I think that applies to most pets. The big difference is, it's harder to ignore something that can chew everything you own into confetti.

The biggest worry my parents had with our dogs was what to do when the novelty wears off and none of the kids are interested in doing stuff for him anymore. So to allay their fears, when I was in high school, I went to my lab's breeder. Everyday, I helped with the dogs - cleaning, feeding, bathing and playing. They're not the best trainers but as lab retrievers get very big, it was imperative they learned not to pull on a leash or jump on people. 

I did this for almost a year. I helped with two litters from separate dams. I also helped with a pitbull pup that was surrendered by a friend of theirs. When they had their third litter the following year, I was allowed to have Cedric - still the best achievement of my life after graduating from college. 

This kind of set up isn't available everywhere but I do suppose if the parents wanted to get a pet without having to keep one they can get a relative or friend and have their child help out with keeping the pet.


----------



## VivianKJean (Aug 20, 2013)

that is true that you can't ignore or forget about a cat or dog. 

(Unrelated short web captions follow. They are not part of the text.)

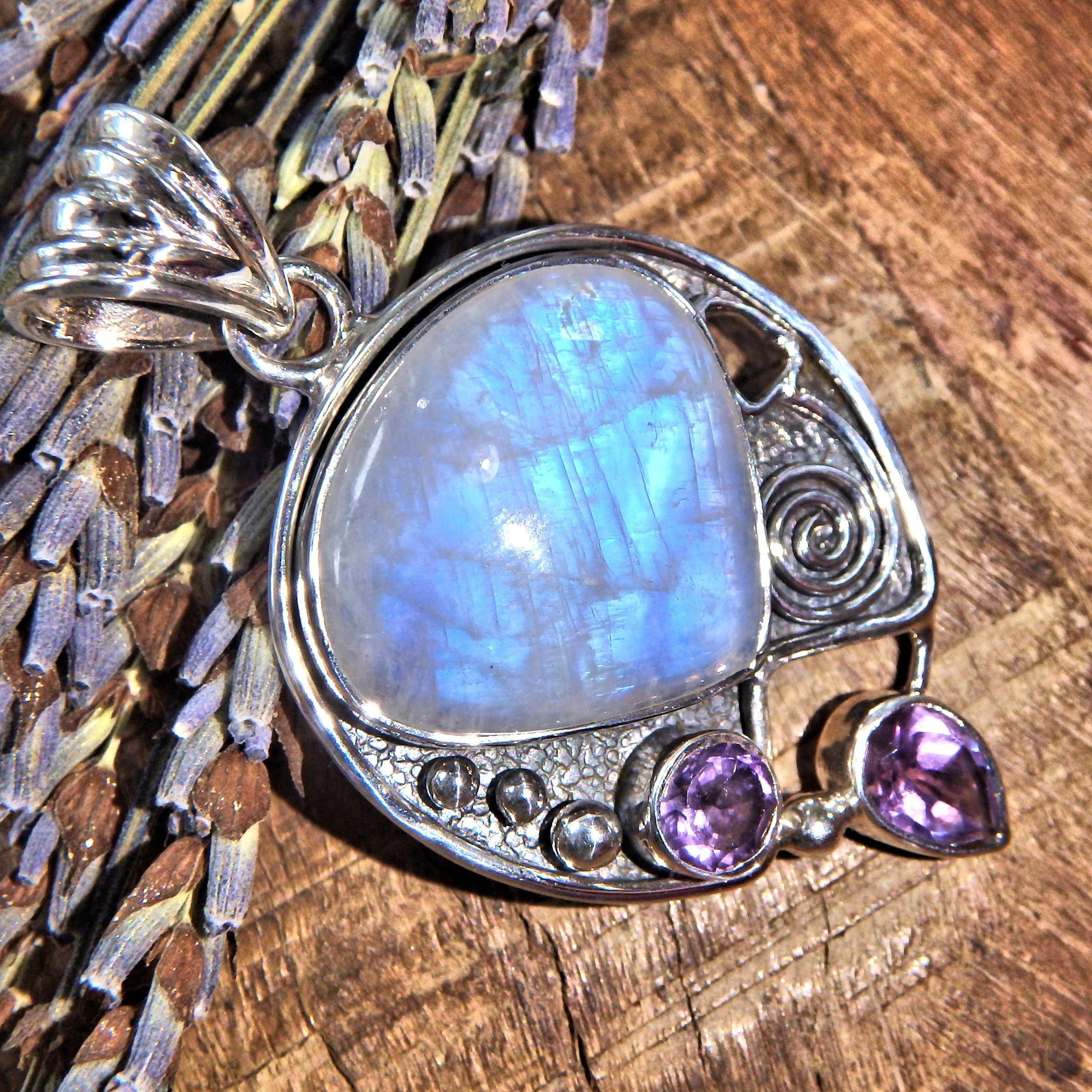 Divine Faceted Amethyst & Rainbow Moonstone Sterling Silver Pendant (Includes Silver Chain) 8 - Earth Family Crystals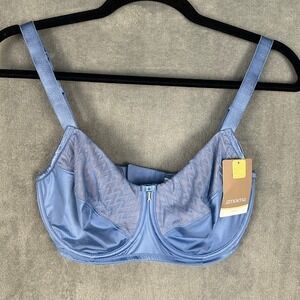 Amoena Mastectomy Maya WB Bra 34DD Blue Underwire Pocketed Adjustable Straps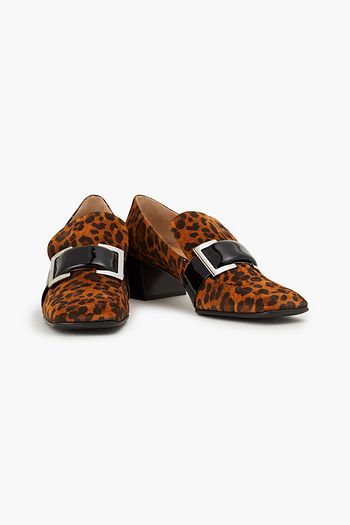 SERGIO ROSSI Patent leather-trimmed leopard-print suede pumps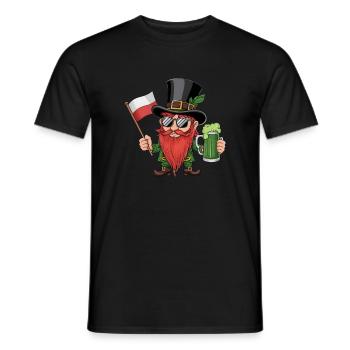 Pole Polish Flag Poland St Patricks Day - Men's T-Shirt - black - Front - AI Model Male 178 light (178cm)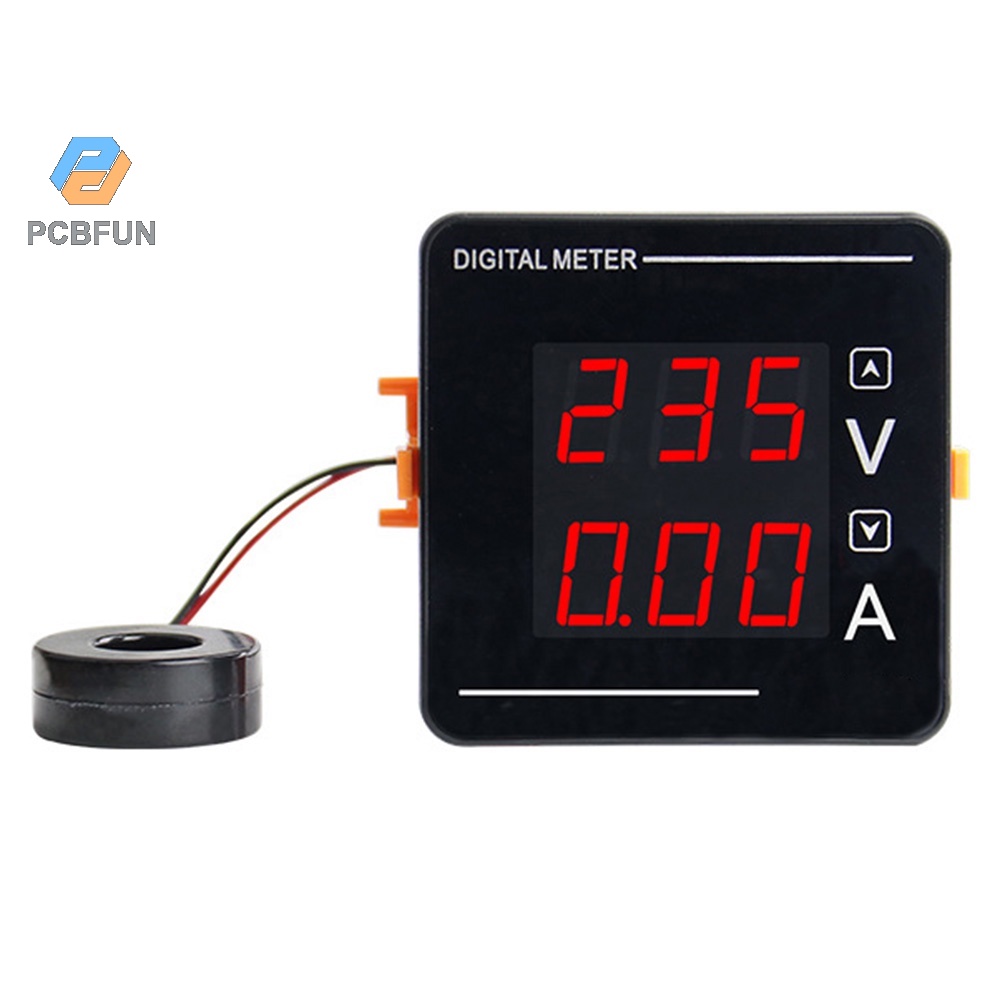 Pcbfun Ac50-500v 1-120a Digital Voltage Current Dual Display Meter ...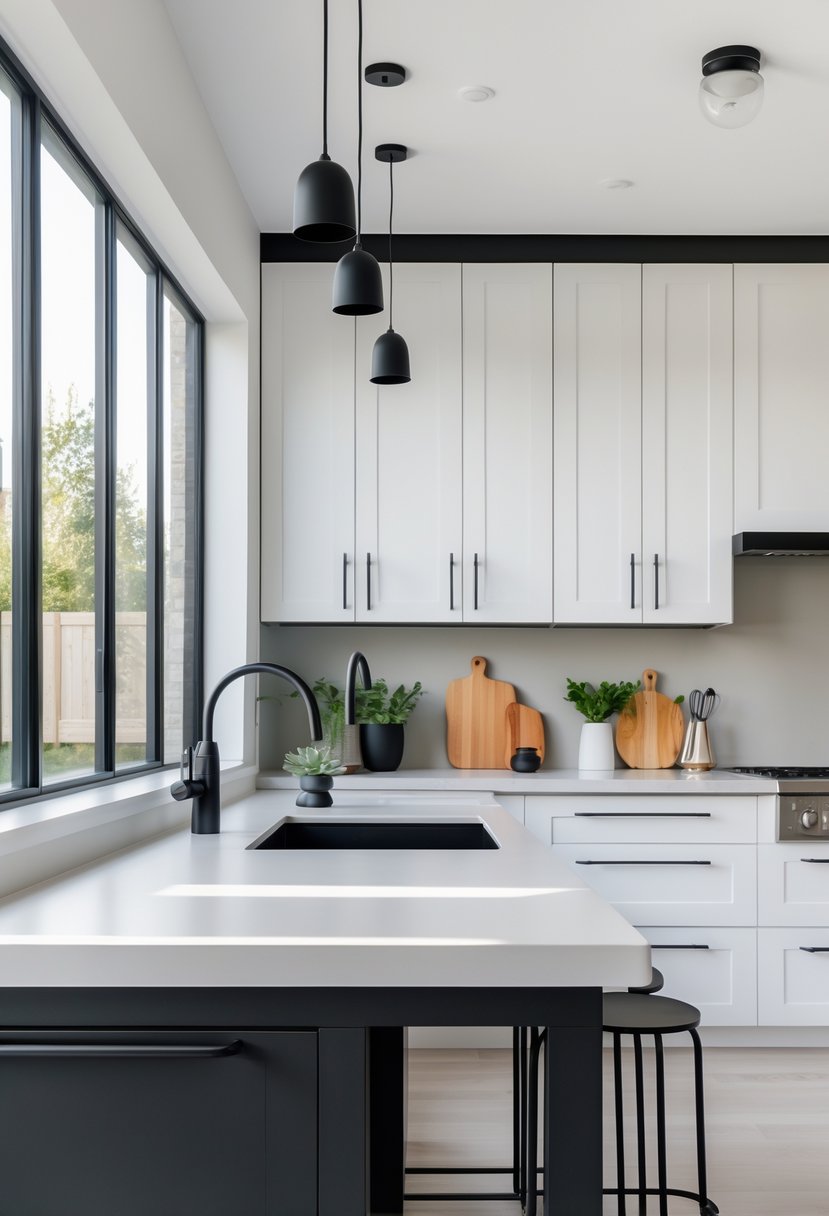 Modern Kitchen Ideas 2026: 21 Stylish Designs for Contemporary Homes 9 A modern kitchen with matte black fixtures and hardware, including cabinet handles, faucet, and light fixtures, with a bright and clean interior.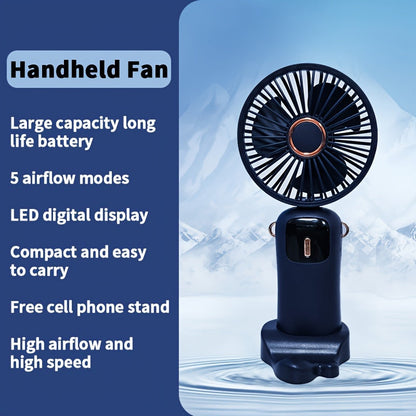 [1 Piece Portable Folding Mini Fan] Stay cool wherever you go with the JKUOO Portable Folding Mini Fan. This USB rechargeable fan features an LED display, quiet operation, and durable plastic construction. With button control and a lithium battery, it's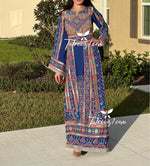 Load image into Gallery viewer, Stunning Blue Traditional Embroidery Thoub Stone Wide Sleeve Elegant
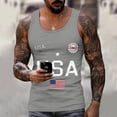 thumbnail image 1 of Dwelliawo Men's 250 Years Patriotic Tank Tops American Flag Usa 250th Anniversary Pullover Graphic Sleeveless Tank Top Loose Fit Relaxed Fit Muscle Shirts Gray M, 1 of 5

I agree that kids lose interest very quickly. My parents were lucky and I took to fish very easily and loved keeping them.


----------



## Vergil (Nov 10, 2013)

Cats will mew incessantly for food and dog owners know all to well what it's like to be woken up by a wet nose and a face full of drool - both scream BREAKFAST HUMAN.


----------



## VivianKJean (Aug 20, 2013)

hahaha exactly!


----------



## Vergil (Nov 10, 2013)

A bit off topic, but I'm very pleased with Animal Planet. They're doing a new program called Pet School - basically like a pet class for kids to learn what it's like to raise pets they feel like getting.

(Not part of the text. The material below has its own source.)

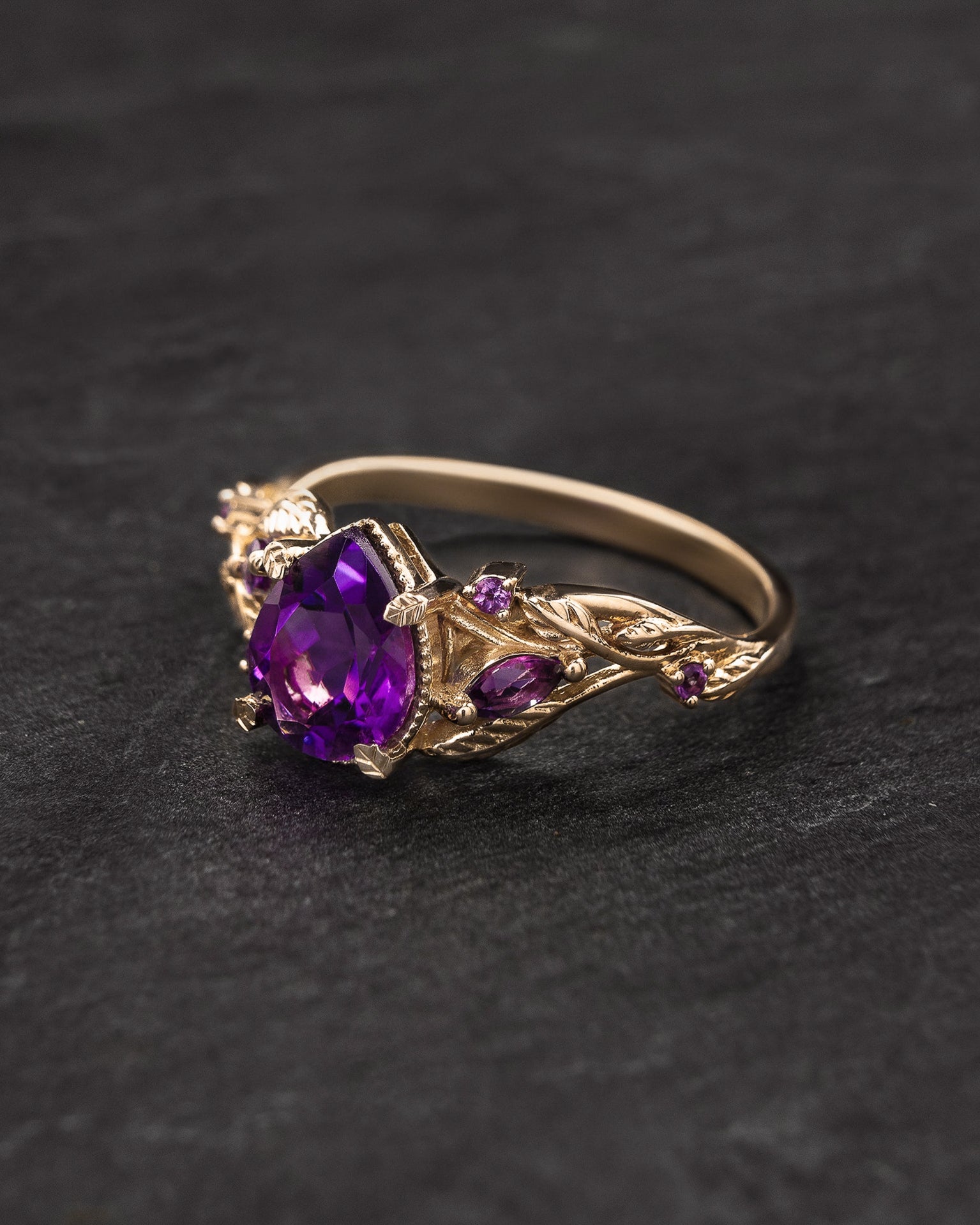 Dark amethyst engagement ring, gold vines and leaves proposal ring / Patricia - Eden Garden Jewelry™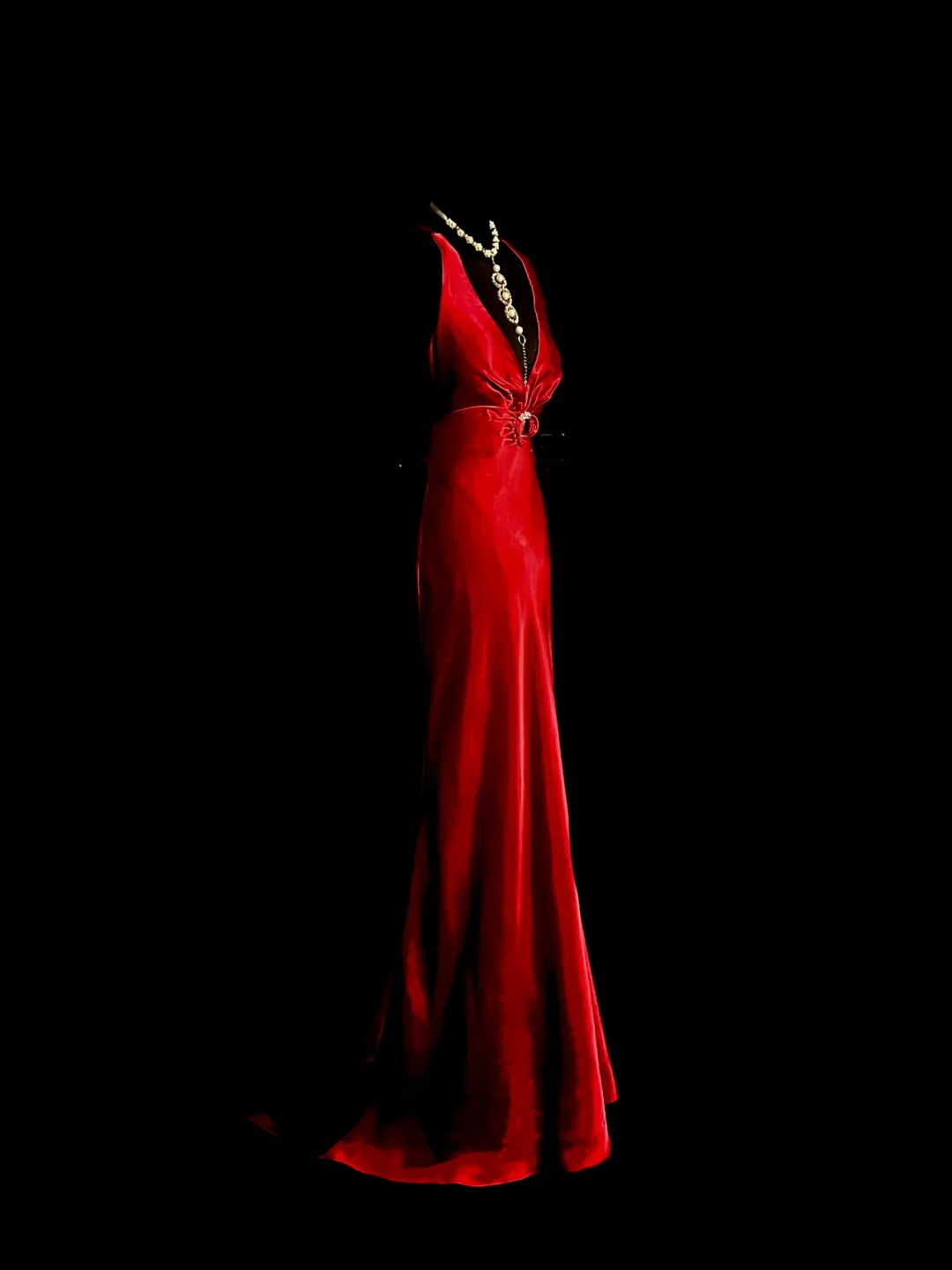 Vintage Mermaid V Neck Sleeveless Satin Long Prom Dresses Ruffles Evening Gowns Evening Dress DP939 - Deanwangkt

I haven't seen it yet but I hope it turns out great.


----------



## VivianKJean (Aug 20, 2013)

oh! that sounds like a super good thing! I wish there was something like that when I was younger (I was a huge animal planet nerd as a kid)


----------



## Vergil (Nov 10, 2013)

I grew up on Discovery and Nat Geo. I was happy enough to see Animal Planet in my HS days. 

Their first batch of programs were really inspirational - esp. the docu about the tigers that grew up in captivity. ^^


----------



## VivianKJean (Aug 20, 2013)

I just remember being fascinated with all the different animals (although fish always were my favorites). I had an obsession with cheetas for a very long time.


----------



## Vergil (Nov 10, 2013)

I'm mostly into cats as a child. Before my lab, all I had were cats and I was scared of dogs for a good while thanks to some off leash mutt that chased and bit me. -_-"

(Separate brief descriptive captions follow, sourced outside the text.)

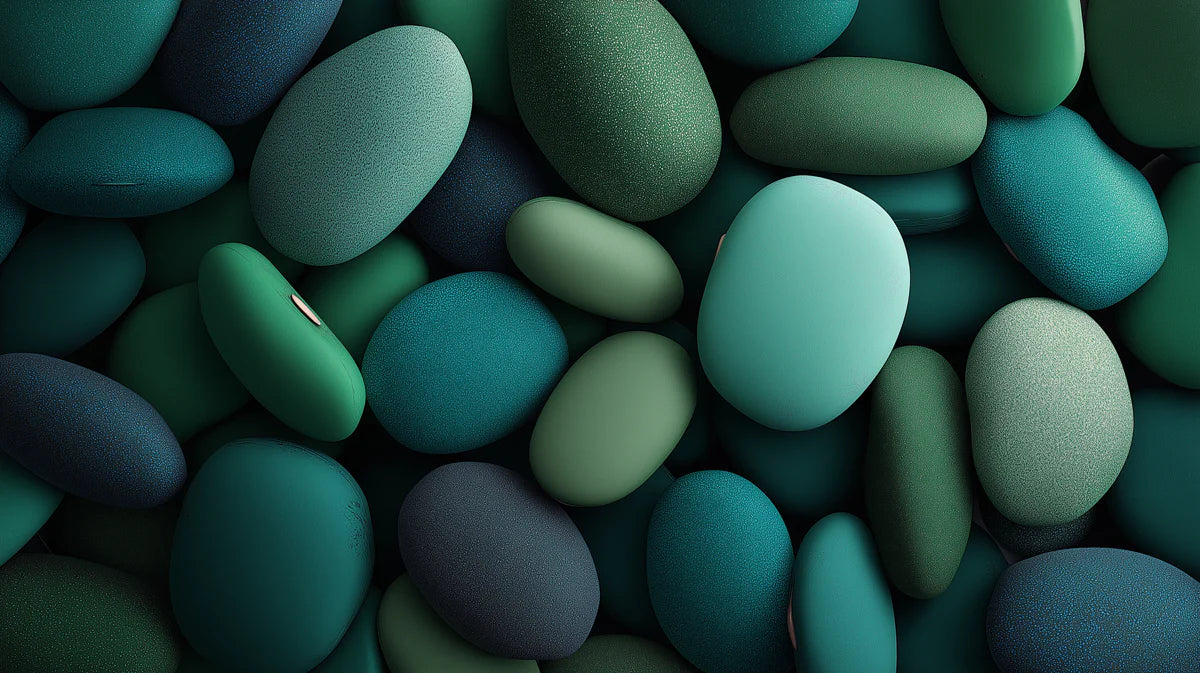 Teal and Emerald River Pebble Mural Wallpaper — Modern Organic Mural Wallpaper - room preview 04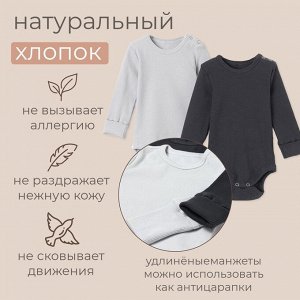 Комплект боди детских MINAKU: Basic Line BABY, цвет светло-серый/графитовый.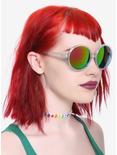 Clear Glitter Round Plastic Sunglasses, , hi-res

I loved most big cats. I think it was Aladdin's Princess Jasmine that got me hooked on Tigers. Love them - snow leopards, cheetahs, lions, caracals as well.

I also loved horses a good deal. Much recently, I've taken an interest in birds of prey. ^_^


----------



## hrutan (Jun 25, 2014)

Agree that most places give bad advice. I've found 2 places around here that do well with fish, one is an LPS where the store manager is a member of IBC, so of course they take good care of bettas, the other is that PetSmart. There's a third place that is passable, but only because when I let them know the betta water needed changing they jumped right on it without taking offense.

Another place gave me a stomachache when I saw their bettas...and yet another had these beautiful, beautiful aquariums, beautiful setups, perfectly healthy fish...EXCEPT the bettas, which were clamped and cold on a shelf to one side, with poop in the cups. WTF.


----------



## Pendulum (May 12, 2014)

I've gone into some heated arguments with some employees from Petsmart and Pet Supplies Plus. They've all given me very terrible advice and have told me to stop giving their other customers (who were interested in buying a betta fish but buying a tiny deathbowl) my "wrong" advice (2.5g+ tank, heater, proper ornaments that provide hiding places, thermometer, etc). They walked off after I told them I was doing a better job of their job _and_ giving more sales to the company by suggesting to add heaters and whatnot and all the while I would be keeping the pet fish healthy and happy in the long run.

However, my second (my very first betta fish was way back when I was in middle school) betta fish I bought just a few months back in April, was bought at Petco. This particular store had a betta fish enthusiast to help me and assist me when I was bringing Billy (my betta) home. I was lucky and I know that. I was lucky to get the right information from an actual employee right off the bat. If it wasn't for him, I don't think I would of delved into the Internet for countless hours of research to ensure the happiness and health of my betta fish. And because of this, I still try to inform other customers I see in the pet store of proper care of a betta fish, or any other fish in general. I made a lot of bad mistakes with my first fish and while I still miss him so dearly, I want to try and make up for those mistakes by helping future owners (the ones being influenced to buy tiny cups and being told that no water change is okay) and ensuring a very happy life for my current fish family.


----------



## VivianKJean (Aug 20, 2013)

hahaha I've lost track of how many heated arguments at i've gotten into at pet stores....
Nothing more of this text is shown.